The territory the Poles are to administer will enable Poland better to support its population. It will provide a short and more easily defensible frontier between Poland and Germany. Settled by Poles, it will provide a more homogeneous nation.

The Three Powers also agreed to help bring about the earliest possible return to Poland of all Poles who wish to return, including soldiers, with the assurance that they would have all the rights of other Polish citizens.

The action taken at Berlin will help carry out the basic policy of the United Nations toward Poland-to create a strong, independent and prosperous nation with a government to be selected by the people themselves.

It was agreed to recommend that in the peace settlement a portion of East Prussia should be turned over to Russia. That, too, was agreed upon at Yalta. It will provide the Soviet Union, which did so much to bring about victory in Europe, with an ice-free port at the expense of Germany.

At Yalta it was agreed, you will recall, that the three governments would assume a common responsibility in helping to re-establish in the liberated and satellite nations of Europe governments broadly representative of democratic elements in the population. That responsibility still stands. We all recognize it as a joint responsibility of the three governments.

It was reaffirmed in the Berlin Declarations on Rumania, Bulgaria and Hungary. These nations are not to be spheres of influence of any one power. They now are governed by Allied Control Commissions composed of representatives of the three governments which met at Yalta and Berlin. These Control Commissions, it is true, have not been functioning completely to our satisfaction; but improved procedures were agreed upon at Berlin. Until these States are re-established as members of the international family, they are the joint concern of all of us.

The American delegation was much disturbed over the inability of the representatives of a free press to get information out of the former satellite nations.
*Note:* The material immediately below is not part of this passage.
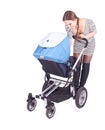 Mother with baby buggy (stroller)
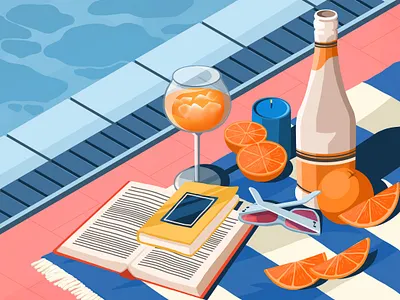Orange cocktail art artwork book candle cocktail design glass holiday illustration illustration art orange orange juice pool sun sunglasses swiming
The three governments agreed at Berlin that the Allied press would enjoy full freedom from now on to report to the world upon all developments in Rumania, Bulgaria, Hungary and Finland. The same agreement was reaffirmed also as to Poland.

One of the persistent causes for wars in Europe in the last two centuries has been the selfish control of the waterways of Europe. I mean the Danube, the Black Sea Straits, the Rhine, the Kiel Canal, and all the inland waterways of Europe which border on two or more states.